743,I just got bored watching Jessice Lange take h...,0,imdb
744,"Unfortunately, any virtue in this film's produ...",0,imdb
745,"In a word, it is embarrassing.",0,imdb
746,Exceptionally bad!,0,imdb


### check.  CountVectorizer

In [19]:
sentences = ['John likes ice cream', 'John hates chocolate.', 'John likes John']

In [20]:
from sklearn.feature_extraction.text import CountVectorizer

vectorizer = CountVectorizer(min_df=0, lowercase=False)
vectorizer.fit(sentences)
vectorizer.vocabulary_

{'John': 0, 'likes': 5, 'ice': 4, 'cream': 2, 'hates': 3, 'chocolate': 1}

In [21]:
vectorizer.get_feature_names()

['John', 'chocolate', 'cream', 'hates', 'ice', 'likes']

In [22]:
vectorizer.transform(sentences).toarray()

array([[1, 0, 1, 0, 1, 1],
       [1, 1, 0, 1, 0, 0],
       [2, 0, 0, 0, 0, 1]])

## 2. Defining a Baseline Model

In [23]:
from sklearn.model_selection import train_test_split

In [24]:
df_yelp = df[df['source'] == 'yelp']

In [33]:
sentences = df_yelp['sentence'].values
y = df_yelp['label'].values

In [38]:
sentences_train, sentences_test, y_train, y_test = train_test_split(sentences, y, test_size=0.25, random_state=100)

In [39]:
sentences_train[0]

'We will not be coming back.'

In [40]:
from sklearn.feature_extraction.text import CountVectorizer

In [42]:
vectorizer = CountVectorizer()
vectorizer.fit(sentences_train)

CountVectorizer()

In [54]:
len(sentences_train)

750

In [53]:
X_train = vectorizer.transform(sentences_train)
X_test  = vectorizer.transform(sentences_test)
X_train

<750x1724 sparse matrix of type '<class 'numpy.int64'>'
	with 7422 stored elements in Compressed Sparse Row format>

In [62]:
print(X_train[0])

  (0, 112)	1
  (0, 136)	1
  (0, 304)	1
  (0, 1012)	1
  (0, 1655)	1
  (0, 1681)	1


In [61]:
print(X_train[0].toarray()[0][112])

1


In [52]:
vectorizer.inverse_transform(X_train[0])

[array(['back', 'be', 'coming', 'not', 'we', 'will'], dtype='<U17')]

## 3. LogisticRegression

In [63]:
from sklearn.linear_model import LogisticRegression

In [70]:
classifier = LogisticRegression()

In [71]:
classifier.fit(X_train, y_train)

LogisticRegression()

In [72]:
score = classifier.score(X_test, y_test)
print("Accuracy:", score)

Accuracy: 0.808


In [75]:
for source in df['source'].unique():
    df_source = df[df['source'] == source]
    sentences = df_source['sentence'].values
    y = df_source['label'].values

    sentences_train, sentences_test, y_train, y_test = train_test_split(
        sentences, y, test_size=0.25, random_state=1000)

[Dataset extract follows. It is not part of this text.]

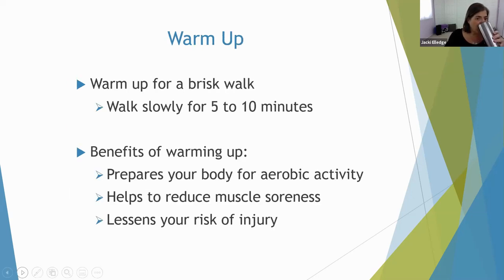Whenever you endeavor in a fitness activity, you need to warm up. But if you're walking, how do you warm up for walking? You allow yourself the first five to ten minutes to take it slow, allow your body to build warmth, build circulation, and begin to raise your heart rate in a nice controlled, progressive way. Some people will even pause after that five to ten minute mark and do a little stretching. It prepares your body for activity, helps reduce muscle soreness, lessens your risk of injury, and increases blood flow to your muscles.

    vectorizer = CountVectorizer()
    vectorizer.fit(sentences_train)
    X_train = vectorizer.transform(sentences_train)
    X_test  = vectorizer.transform(sentences_test)

    classifier = LogisticRegression()
    classifier.fit(X_train, y_train)
    score = classifier.score(X_test, y_test)
    print('Accuracy for {} data: {:.4f}'.format(source, score))

Accuracy for yelp data: 0.7960
Accuracy for amazon data: 0.7960
Accuracy for imdb data: 0.7487